SELECT * /* Matches first names with three or more letters */ FROM students WHERE first_name LIKE '___%' SELECT * /* Matches first names with exactly four characters */ FROM students WHERE first_name LIKE '____'
39. What is the difference between UNION and UNION ALL in SQL?
UNION combines the result sets of two or more SELECT statements, removing duplicates, while UNION ALL combines the result sets without removing duplicates.
SELECT column1, column2 FROM table1 UNION SELECT column1, column2 FROM table2;
UNION ALL:
SELECT column1, column2 FROM table1 UNION ALL SELECT column1, column2 FROM table2;
When deciding whether to use UNION or UNION ALL, consider the following:
It’s important to note that UNION and UNION ALL have performance implications. Since UNION performs a distinct operation, it requires additional processing time compared to UNION ALL, which simply combines the rows without any duplicate elimination. Therefore, if you know that your result sets do not contain duplicates, using UNION ALL can be more efficient.
40. What is an SQL injection, and how can it be prevented?
SQL injection is a type of security vulnerability in which an attacker can manipulate a SQL query to perform unauthorized operations or access sensitive data. It occurs when user input is not properly validated or sanitized before being used in constructing a SQL query, allowing malicious SQL code to be injected. It can be prevented by using prepared statements or parameterized queries and by properly sanitizing user input.

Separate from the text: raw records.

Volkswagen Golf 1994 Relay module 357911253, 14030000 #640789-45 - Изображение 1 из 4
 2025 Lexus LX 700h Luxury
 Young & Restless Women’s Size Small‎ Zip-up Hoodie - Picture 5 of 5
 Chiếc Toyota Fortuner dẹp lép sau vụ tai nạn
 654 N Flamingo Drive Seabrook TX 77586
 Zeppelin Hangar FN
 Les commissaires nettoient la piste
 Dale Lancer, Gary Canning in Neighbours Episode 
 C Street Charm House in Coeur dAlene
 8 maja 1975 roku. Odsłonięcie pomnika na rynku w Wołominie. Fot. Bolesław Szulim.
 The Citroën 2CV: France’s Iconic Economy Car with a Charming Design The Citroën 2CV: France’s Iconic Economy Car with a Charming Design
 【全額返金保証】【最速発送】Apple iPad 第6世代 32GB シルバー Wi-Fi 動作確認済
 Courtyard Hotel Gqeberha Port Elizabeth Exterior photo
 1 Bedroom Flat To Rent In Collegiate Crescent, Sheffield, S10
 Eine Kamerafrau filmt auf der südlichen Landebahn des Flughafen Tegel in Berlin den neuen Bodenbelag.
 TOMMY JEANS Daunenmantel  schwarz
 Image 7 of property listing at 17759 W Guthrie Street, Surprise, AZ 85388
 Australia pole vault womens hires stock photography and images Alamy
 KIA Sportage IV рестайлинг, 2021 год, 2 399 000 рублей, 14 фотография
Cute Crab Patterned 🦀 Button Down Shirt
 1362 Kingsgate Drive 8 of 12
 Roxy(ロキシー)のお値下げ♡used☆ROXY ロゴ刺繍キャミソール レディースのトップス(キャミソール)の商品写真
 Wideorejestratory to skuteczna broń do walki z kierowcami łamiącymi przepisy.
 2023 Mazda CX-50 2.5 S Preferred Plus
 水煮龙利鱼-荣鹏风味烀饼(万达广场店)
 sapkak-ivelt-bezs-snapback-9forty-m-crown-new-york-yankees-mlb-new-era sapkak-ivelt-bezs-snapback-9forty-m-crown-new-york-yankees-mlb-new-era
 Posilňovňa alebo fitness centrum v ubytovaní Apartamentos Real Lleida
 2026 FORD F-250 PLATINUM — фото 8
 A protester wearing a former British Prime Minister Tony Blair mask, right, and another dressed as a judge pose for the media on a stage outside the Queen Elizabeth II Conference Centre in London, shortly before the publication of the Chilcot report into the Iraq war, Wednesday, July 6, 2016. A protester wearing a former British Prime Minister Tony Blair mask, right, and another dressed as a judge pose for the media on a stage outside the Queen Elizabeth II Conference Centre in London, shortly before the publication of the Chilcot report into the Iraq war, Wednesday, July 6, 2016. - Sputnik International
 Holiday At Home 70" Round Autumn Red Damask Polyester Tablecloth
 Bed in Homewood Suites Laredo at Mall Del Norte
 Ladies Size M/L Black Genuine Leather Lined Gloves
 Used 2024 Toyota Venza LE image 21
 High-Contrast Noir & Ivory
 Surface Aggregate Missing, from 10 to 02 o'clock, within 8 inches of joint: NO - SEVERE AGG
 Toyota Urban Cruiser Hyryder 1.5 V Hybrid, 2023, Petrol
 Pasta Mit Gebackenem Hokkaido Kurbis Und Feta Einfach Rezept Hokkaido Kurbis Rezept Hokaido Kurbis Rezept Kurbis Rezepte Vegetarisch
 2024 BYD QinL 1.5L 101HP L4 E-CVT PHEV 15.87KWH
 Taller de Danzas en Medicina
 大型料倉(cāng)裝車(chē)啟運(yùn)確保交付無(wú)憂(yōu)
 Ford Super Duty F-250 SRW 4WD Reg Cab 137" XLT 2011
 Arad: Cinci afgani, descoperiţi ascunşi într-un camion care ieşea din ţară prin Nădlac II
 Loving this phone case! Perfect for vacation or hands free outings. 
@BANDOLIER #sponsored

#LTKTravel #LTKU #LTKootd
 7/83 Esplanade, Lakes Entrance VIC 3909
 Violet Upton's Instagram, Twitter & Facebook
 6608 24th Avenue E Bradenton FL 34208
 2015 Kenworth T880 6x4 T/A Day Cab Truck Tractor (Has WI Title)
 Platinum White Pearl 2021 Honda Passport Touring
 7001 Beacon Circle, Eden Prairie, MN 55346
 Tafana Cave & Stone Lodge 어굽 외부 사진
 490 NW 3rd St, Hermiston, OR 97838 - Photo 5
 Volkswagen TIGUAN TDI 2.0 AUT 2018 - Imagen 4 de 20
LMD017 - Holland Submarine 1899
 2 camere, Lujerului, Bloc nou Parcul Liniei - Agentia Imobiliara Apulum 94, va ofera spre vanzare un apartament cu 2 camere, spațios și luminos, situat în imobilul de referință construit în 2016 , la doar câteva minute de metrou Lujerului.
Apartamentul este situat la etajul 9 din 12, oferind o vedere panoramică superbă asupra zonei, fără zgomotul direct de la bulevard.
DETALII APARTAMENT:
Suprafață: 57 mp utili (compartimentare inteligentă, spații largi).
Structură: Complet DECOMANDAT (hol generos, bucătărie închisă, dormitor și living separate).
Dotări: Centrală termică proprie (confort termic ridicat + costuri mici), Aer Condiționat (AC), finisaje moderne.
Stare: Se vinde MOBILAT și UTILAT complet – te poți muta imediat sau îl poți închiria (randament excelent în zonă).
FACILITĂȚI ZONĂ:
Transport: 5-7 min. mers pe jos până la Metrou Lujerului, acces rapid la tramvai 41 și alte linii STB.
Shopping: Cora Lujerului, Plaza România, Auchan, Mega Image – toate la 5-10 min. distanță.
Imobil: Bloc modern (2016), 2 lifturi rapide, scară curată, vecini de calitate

Consider a simple login form where a user enters their username and password. The server-side code might construct a SQL query like this:
String query = "SELECT * FROM users WHERE username = '" + username + "' AND password = '" + password + "'";
If the input values are not properly validated or sanitized, an attacker can manipulate the input by entering a malicious string like ' OR '1'='1' --'
, which can change the meaning of the query. The resulting query would be:
SELECT * FROM users WHERE username = '' OR '1'='1' --' AND password = ''
In this case, the attacker has successfully bypassed the login mechanism by making the condition '1'='1'
always true, effectively retrieving all user records from the database.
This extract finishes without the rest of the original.